EastVanChopcycle is a bit of a mouthful, but it's descriptive of what Eli Varzari is doing (though doesn't tell the whole story).
Also, it sounds like 'popsicle.'
"I chose the name because the bikes look kind of like chopper-style motorcycles with the added electric motors," Varzari explains, standing in his Mt. Pleasant shop full of Oldster bikes.
"Then also for the full name, it kinda sounds like 'popsicle,'" he adds. "I did that because of popsicles; everybody likes popsicles, but also the colours, the colours of popsicles look really good on the bikes."
Nearby a baby blue bike with chrome accents and white wall tires gleams.
Varzari started the unique shop two-and-a-half years ago. A car mechanic by trade, he's worked as a handyman, contractor and run his own custom car shop. A few years ago he decided to get back into cycling but couldn't find a bike that was comfortable. One he bought started to fall apart, and he decided to take it apart and rebuild it better, as an e-bike.
"It turned out really good and there were a lot of people that said you can't do this or that," he explains.
But he followed regulations and industry leaders and came up with his own unique e-bike that gave him a special feeling.

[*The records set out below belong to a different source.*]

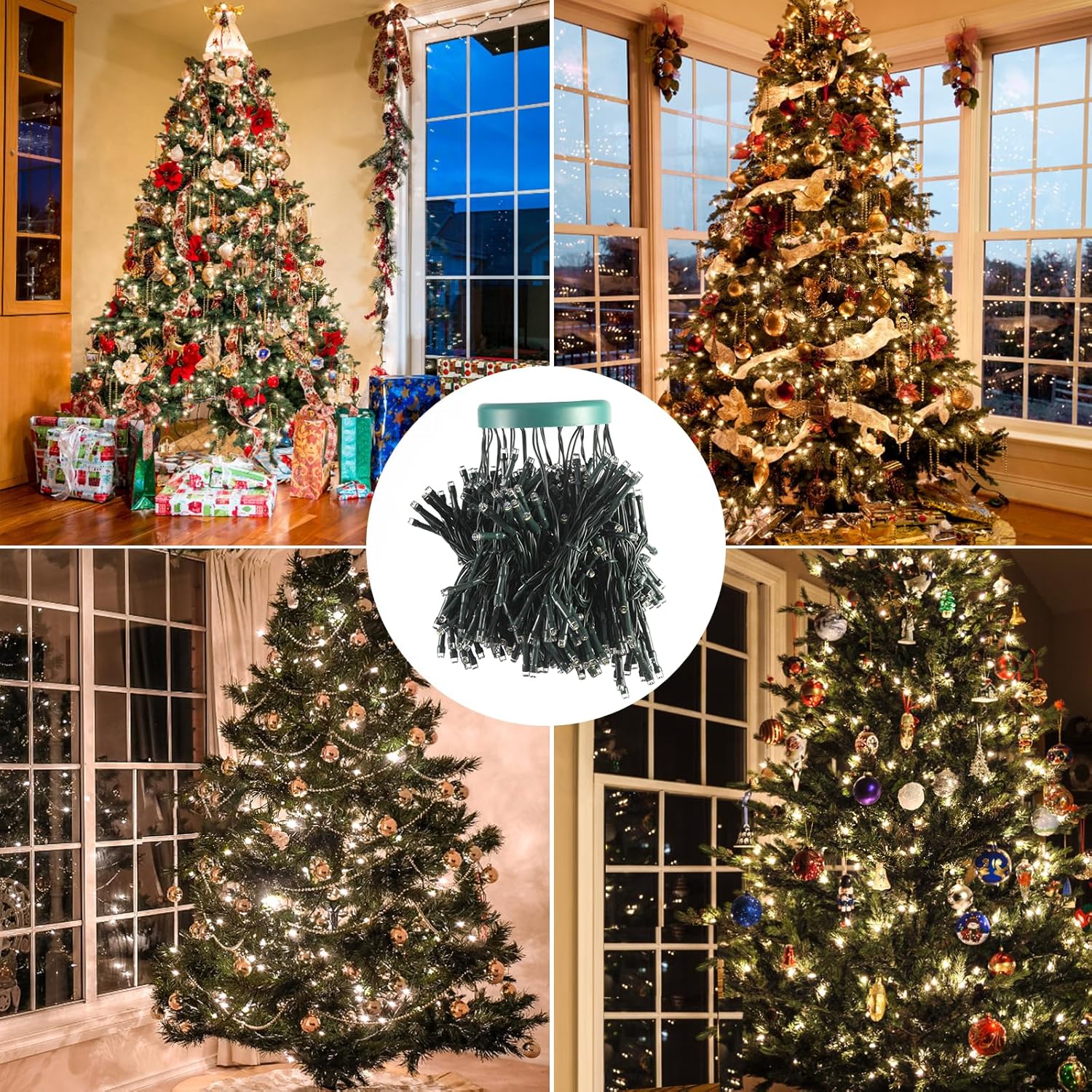 Christmas Tree Lights 400 Led Christmas Lights For Tree, 6.6Ft X 16 String 8 Lighting Modes Fairy Tree Light With Timer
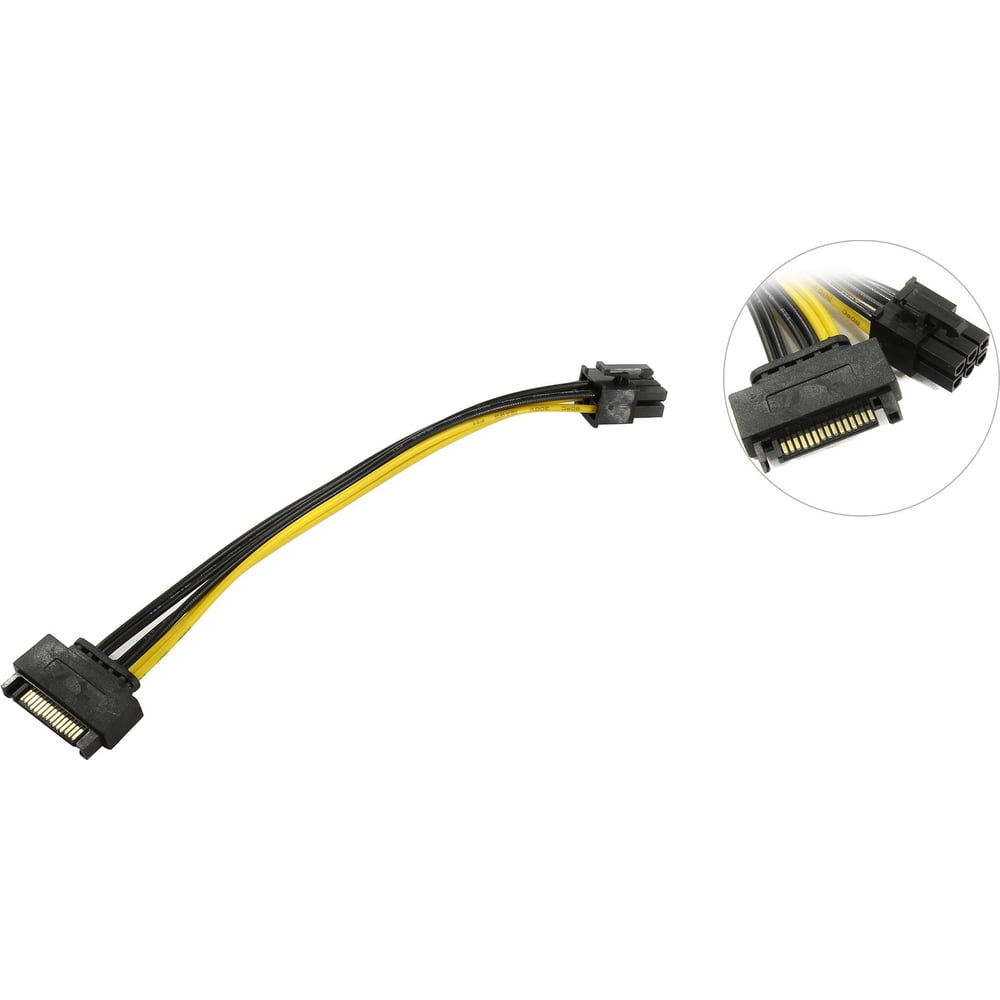 Переходник питания для видеокарт Pro Legend 1SATA M to 6pin, 20 см PL1459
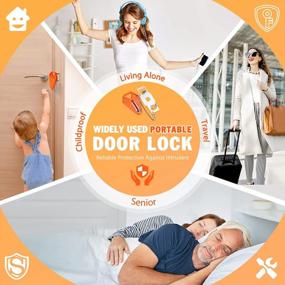 img 1 attached to Portable Door Lock Home Security- 2 Pack Upgraded Strong Hotel Door Locker For Travelers, Safety Apartment Door Latch For Bedroom, Front Door, Extra Protection Room Locks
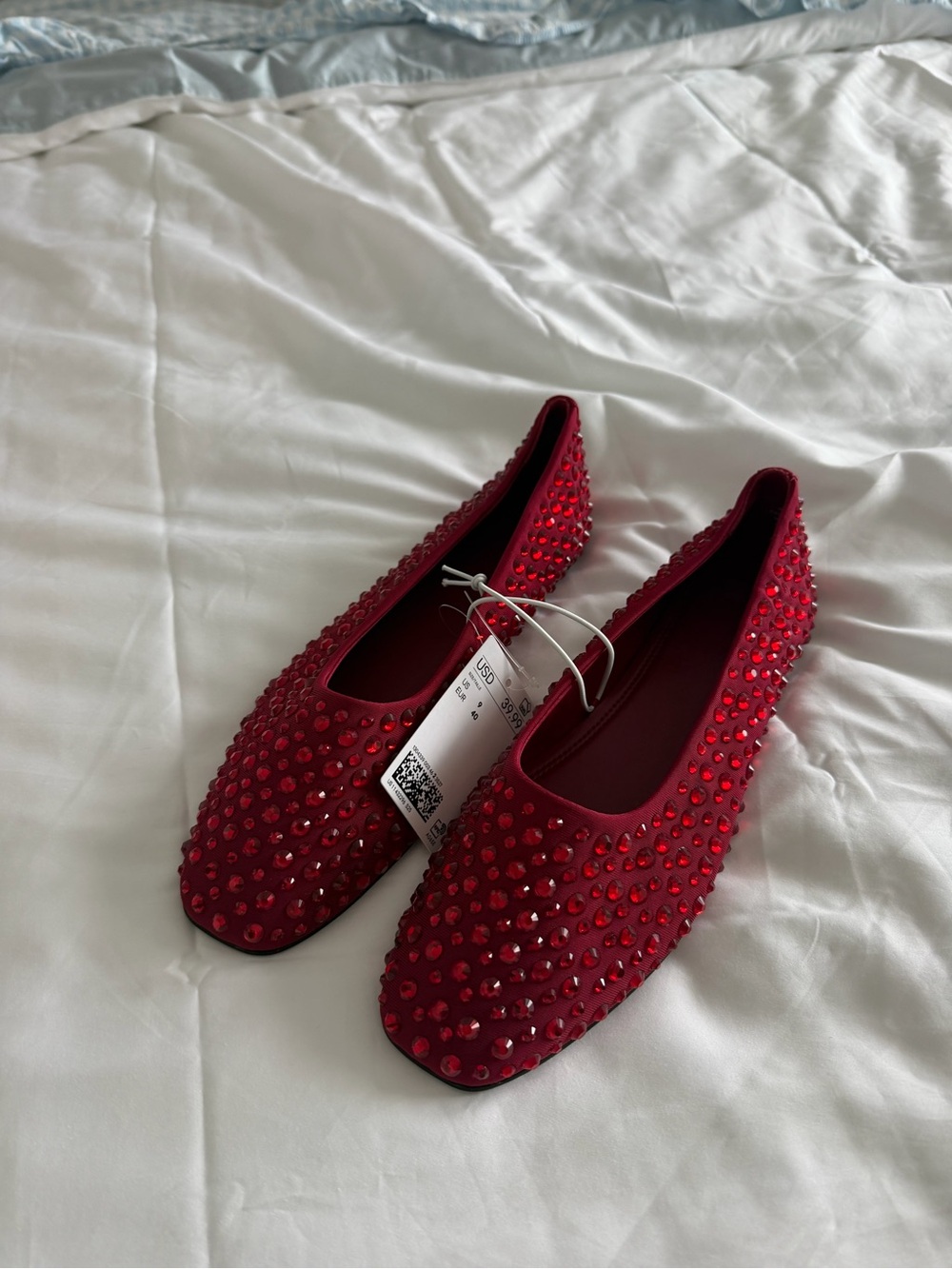 H&M Red Crystal-Studded Women’s Ballet Flats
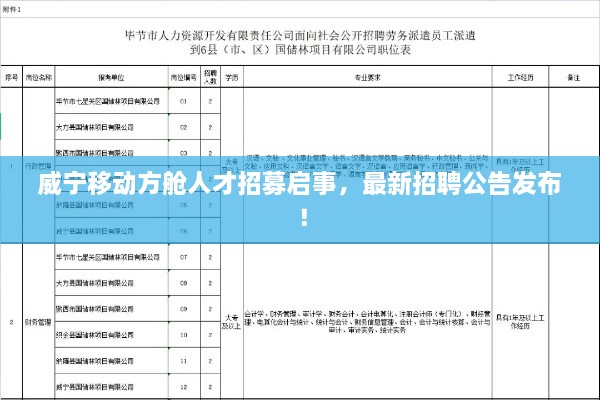 威宁移动方舱人才招募启事，最新招聘公告发布！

"The feeling of when your a kid and you didn't have any worries or anything, it's just ultimate fun and the air is blowing against you and you can drive wherever you want," he says.
The business has grown from that; he's built more than 30 bikes since then, including one for Snoop Dogg with gold-plated accents and custom designs. Locals he's built for have become friends he rides with.

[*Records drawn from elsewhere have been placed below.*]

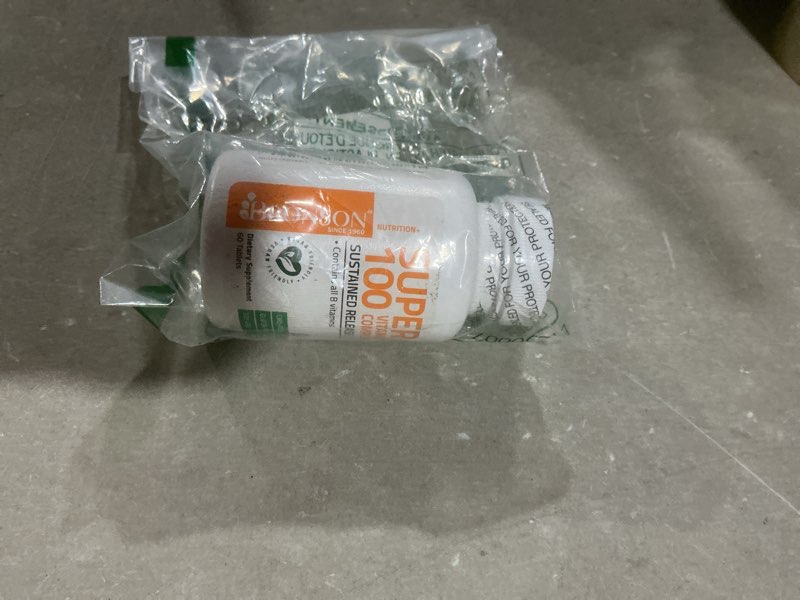 Condition photo showing New/Like New for bronson super b100 vitamin b complex sustained release contains all b vitamins (vitamin b1, b2, b3, b6, b9 - folic acid, b12), 60 tablets unflavored 60 count (pack of 1)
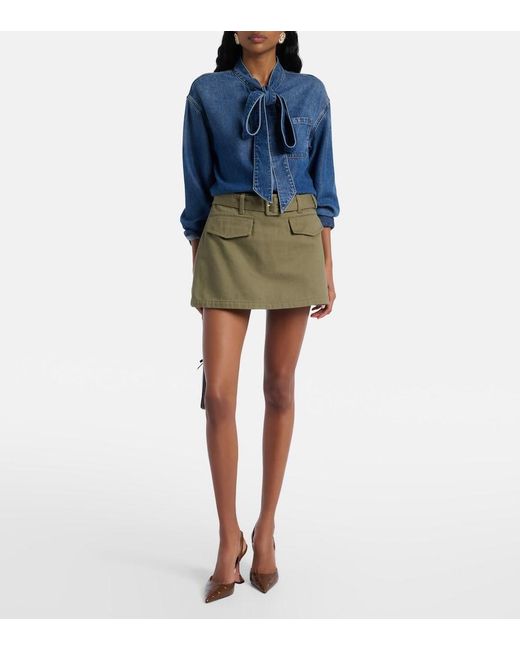 Self-Portrait Green Belted Cotton Twill Skort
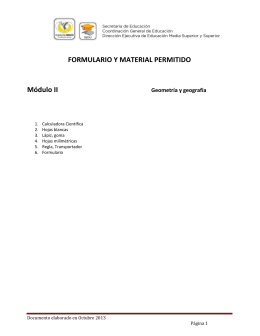FORMULARIO Y MATERIAL PERMITIDO Módulo II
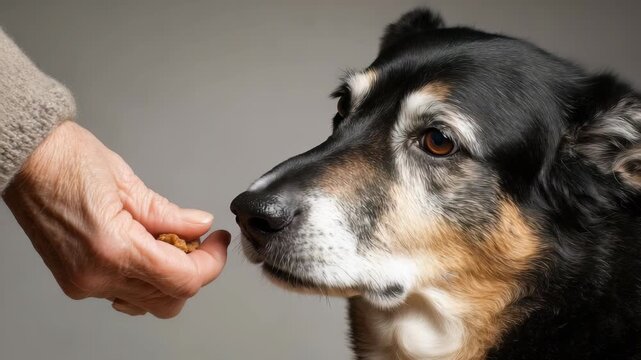 Senior dog with black and tan fur receives a treat from an elderly hand, highlighting the bond between humans and pets. Close up portrait captures gentle interaction and trust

He doesn't hold back, either, getting hand-welded frames from Italy and Germany, going to auto shops for paint jobs when needed, and using high-performance components.
"The bikes perform better than they look and that's something that's really hard to say," he says.

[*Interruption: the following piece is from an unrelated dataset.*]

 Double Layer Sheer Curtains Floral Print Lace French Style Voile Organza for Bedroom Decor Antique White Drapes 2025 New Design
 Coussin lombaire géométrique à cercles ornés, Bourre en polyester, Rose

Speeds top out between 70 or 80 km/h; that's not so people can speed around on them, but so the motor isn't stressed when it hits 30 or 40 km/h. Also, with that sort of power, no hill is too steep even with an injured knee.
"All electric components are where they get air-cooled," Varzari says."When you have really nice things or if you have a performance device you want to have good cooling."
That helps with the bike's range and lifespan of parts.
While they look a bit like motorcycles and have higher top speeds, they're classified as overpowered electric bikes, so they're legal on bike paths and trails.
Another difference between his bikes and typical e-bikes is front-wheel motors with regenerative braking.
"As soon as you get past any speed over 30 km/h, it gets to the point normal bike brakes don't work well," he explains, adding safety is an important piece of his work.
Also, putting the motor on the front wheel means when a rider starts to pedal the bike becomes all-wheel drive.
The bikes also have independently powered headlights and active brake lights.
"I've taken all my automotive knowledge and put it into the bikes," he explains.
Between all his personal designs, customization and differences from standard e-bikes Varzari isn't sure anyone else is doing the same work he is.
An EastVanChopcycle will run somewhere between $7,500 and $10,000, though he recently sold a special model for $12,000. It started off as a showpiece with electric motors on both wheels and a special copper-plating finish. There's also a big hydraulic brake to bring it to a safe stop.
"The copper-plated bike is one of the craziest e-bikes in the world right now overall," he says with a grin. "For technology and looks."
In the end he hopes his bikes can bring that feeling back for some adults.
"People forget about it and you need it," he says. "Regardless if it's my bike or not."